Last week, Karl was advocating for a position I judged as flawed. The title was “A Slice of the Ideal”. The “ideal” he spoke to was the dream of a perfect mountain community people were expecting Pagosa Springs to be, but his is a simplistic assumption. He was pushing a myth lauded by residents who had been here from birth, which demeans new-comers and extols the virtues of the old-timers. It has been tried many times in many mountain towns, and with the same result.
Karl has a folksy style that lulls one into thinking he really is a “salt-of-the-earth” common sense kinda guy. However, after reading his editorial a couple of times, I concluded his argument lacked logic; contained no substantive premise; and his findings/conclusions had no merit. The settlers to Pagosa country lacked appreciation for the amenities many current residents now hold dear, and had nothing but disdain for those who valued those amenities over the pragmatic efforts those people had to scratch out a living. Even today, town and county government pay only lip service to the amenities important to this community’s sustainability. They give away precious hot springs water, allow the destruction of buildings important to the fabric of an historic downtown, place basic services like the airport and sewage facilities on prime developable land, and seek to foster unsustainable sprawl in the face of dwindling resources.

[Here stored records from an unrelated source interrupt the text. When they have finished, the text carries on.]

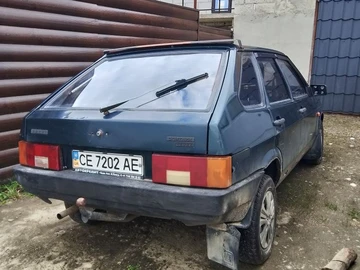 Авто ВАЗ 11113 Oka 1990 № 8689676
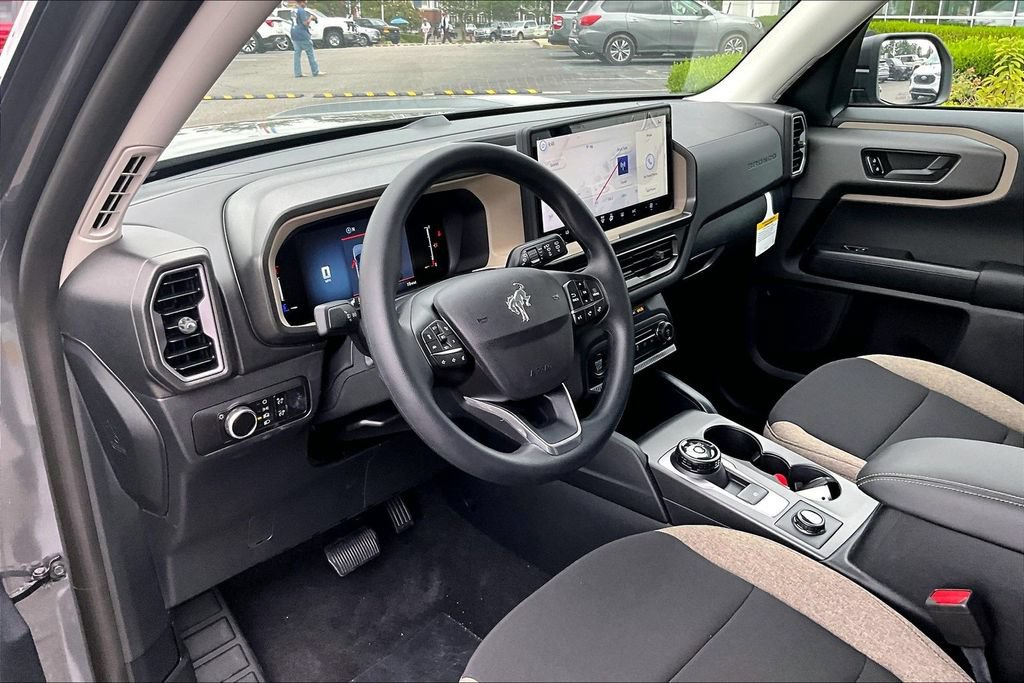 New 2026 Ford Bronco Sport Big Bend AWD/4WD image 6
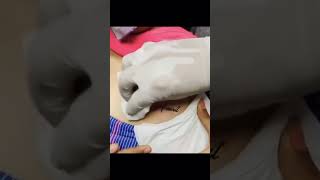 Woman Chest Tattoo || Tattoo 2022 ||  Short 2022 || Heart Block Tattoos || ArtistUV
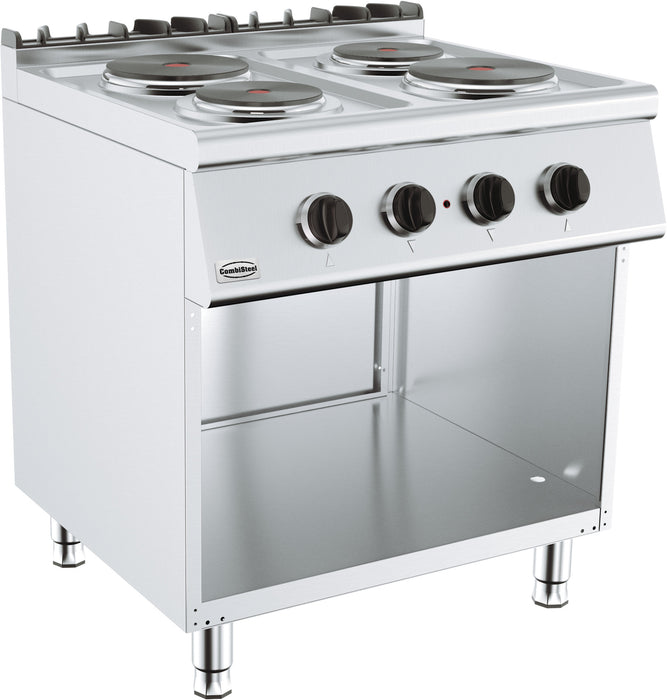 BASE 700 KOOKTAFEL ELEKTRISCH 4 PL.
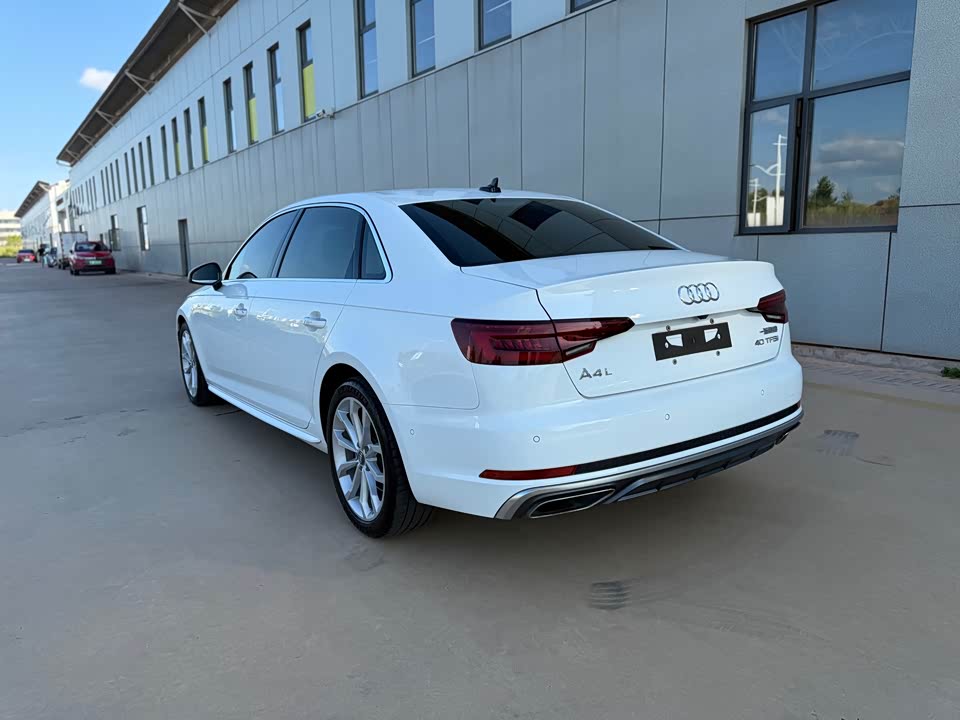 Audi A4L Audi A4L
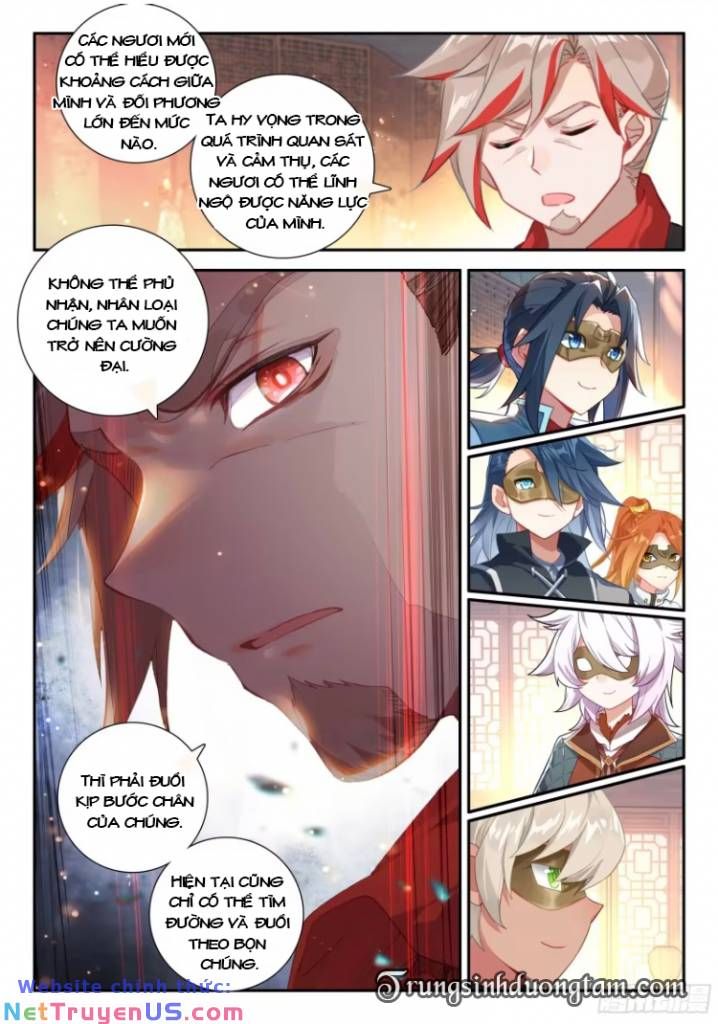 đọc truyện Đấu La Đại Lục 5 - Đường Tam Trùng Sinh Chương 136 ảnh 17 tại Thiên Thai Truyện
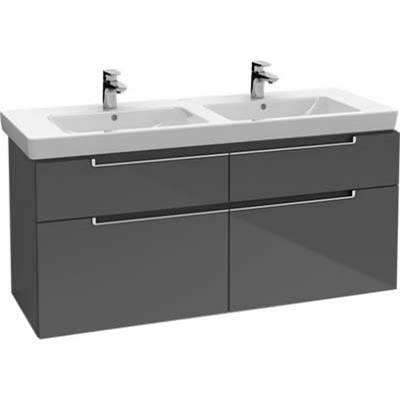 Villeroy and Boch Subway Vanity - 50 5/8" x 23 1/4" x 17 5/8"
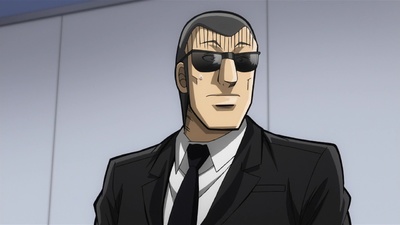 Mr. Tonegawa: Middle Management Blues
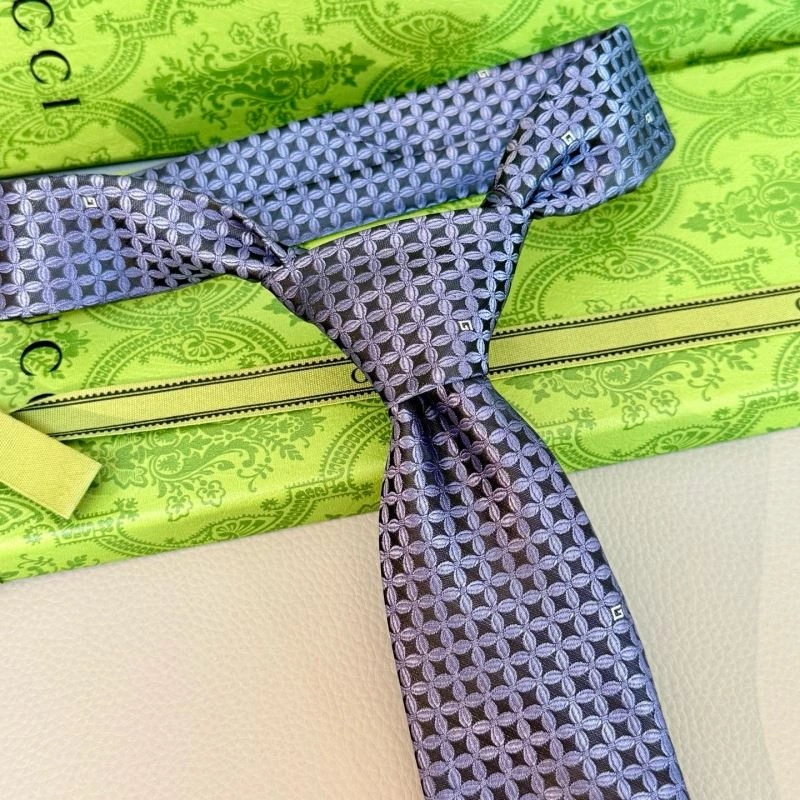 Gucci Neckties Cozy 268912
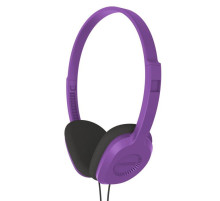 Наушники Koss KPH8v On-Ear Violet (195645.101)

Locals, like Isberg, allowed a bunch of carpet-baggers to come in here, change the dynamics of the local economy, and left local taxpayers with the bill – a bill that remains unpaid because those same locals have yet to recognize reality. Locals, like Isberg, elected unfit officials to office incapable of grasping the gravity of their decisions, much less recognizing why it’s important to be a good stewards of the land. Locals, like Isberg, have ruined a picturesque historic community with multiple assets by failing to define their community; allowing developers from outside the community to define it for them.
Planning is really simple – define your community, then enhance those aspects the community wants to foster, and mitigate those factors the community needs to mitigate. Locals, like Isberg, have spent generation upon generation fostering the bad, and denigrating to the good.
In 1996, Gunnison County first adopted a “Code of the West’, which had made it’s way to many communities in one form or another since the land development boom of the late 1970s. The Code is really notice to new residents of what they can expect in a rural mountain community that relies on open spaces, ranching, and wildlife habitat for a viable economy. There is nothing in the Code to suggest that local authorities have no responsibility to let public roads deteriorate or that low taxes are a right. Karl Isberg may have been born here, but he knows nothing of the west or the responsibilities of good citizenship or responsive government.
One of my favorite movies of all time is “The Man Who Shot Liberty Valance”. I have probably seen it twenty times. It is an enduring film because it has meaning at so many levels, and is symbolic of so many human foibles. Applying lessons from the film to Mr. Isberg was an easy reach because it is about changing needs in the west that have been taking place before Mr. Isberg’s family found Pagosa Country.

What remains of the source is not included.